I have only just learned for whom he was speaking when I emulated his militancy and, having a weapon to hand, used it against him. Need I say that I am devastated and anxious to make any amends which, if I may quote his words, ‘honour and conscience permit’. As a young priest, I admired him intensely. Later this admiration led me to use his methods rather than to respect his person. Now that his calvary is over, mine has begun.

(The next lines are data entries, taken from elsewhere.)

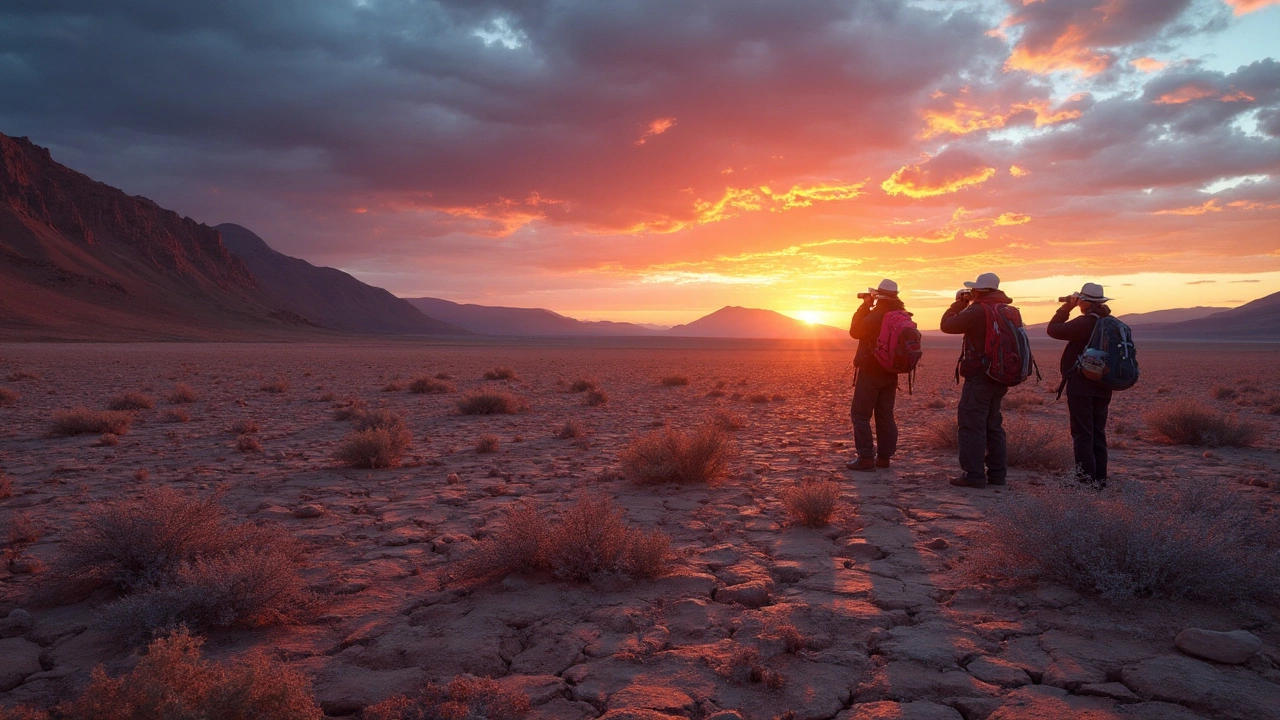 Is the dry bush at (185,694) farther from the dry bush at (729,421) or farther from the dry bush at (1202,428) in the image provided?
the dry bush at (1202,428)

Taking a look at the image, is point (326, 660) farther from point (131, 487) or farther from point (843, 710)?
point (131, 487)

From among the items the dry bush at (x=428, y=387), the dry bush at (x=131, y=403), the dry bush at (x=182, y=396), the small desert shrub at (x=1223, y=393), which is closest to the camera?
the dry bush at (x=131, y=403)

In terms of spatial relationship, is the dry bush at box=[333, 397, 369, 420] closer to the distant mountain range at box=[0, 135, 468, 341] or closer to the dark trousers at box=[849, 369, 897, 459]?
the dark trousers at box=[849, 369, 897, 459]

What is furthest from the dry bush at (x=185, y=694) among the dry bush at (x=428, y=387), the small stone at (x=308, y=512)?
the dry bush at (x=428, y=387)

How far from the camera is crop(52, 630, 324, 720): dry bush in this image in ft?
7.22

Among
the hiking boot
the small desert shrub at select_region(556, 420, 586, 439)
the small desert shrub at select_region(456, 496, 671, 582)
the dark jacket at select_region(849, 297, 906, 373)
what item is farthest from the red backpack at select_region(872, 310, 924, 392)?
the small desert shrub at select_region(556, 420, 586, 439)

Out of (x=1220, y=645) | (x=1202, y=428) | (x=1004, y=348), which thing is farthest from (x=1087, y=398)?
(x=1202, y=428)

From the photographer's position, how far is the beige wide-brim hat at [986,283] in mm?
6438

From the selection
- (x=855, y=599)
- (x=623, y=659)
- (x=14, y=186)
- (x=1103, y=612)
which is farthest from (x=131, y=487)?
(x=14, y=186)

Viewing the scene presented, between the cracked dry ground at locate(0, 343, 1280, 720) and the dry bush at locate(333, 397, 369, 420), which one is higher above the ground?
the dry bush at locate(333, 397, 369, 420)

Can you, as a successful crusader – even Arab slavers acknowledge the White Fathers’ success – imagine my mental agony? I struck a blow against our own side! To say that the lines were camouflaged only aggravates my anguish. For why did God not enlighten me? Remorse corrodes, and a man in my plight can think the unthinkable. You see how I need His Eminence’s forbearance. Will you speak for me? Might you come here and let me explain myself? I cannot come to you – though this may change. Once the civil authorities are satisfied that we have indeed broken with the monarchists, charges against me could be dropped. Dare I ask if you might help with those too? I know the government values your order’s contribution to France’s civilizing and scientific mission. How could it fail to, since your missionaries so often go ahead of the fighting men? You once wrote to me from some wild outpost near Lake Tanganyika where a small group of you were – I quote from memory – ‘devoured by insects, living on stale hippopotamus meat and upholding the honour of the flag, while awaiting the day when France can take possession of these lands.’ A half joke? A true hope? It shows why, as the great Republican, Gambetta, told His Eminence ten years ago: ‘anticlericalism is not for export’. Today it is even less so. Thanks to men like yourself, France has so far outstripped all other missionary countries that – I read this in one of your pamphlets –75 per cent of those in the field are French. Bravo, mon Père! Can you use a scrap of your credit on my behalf so that I may leave here, serve the Church again and atone for my mistakes?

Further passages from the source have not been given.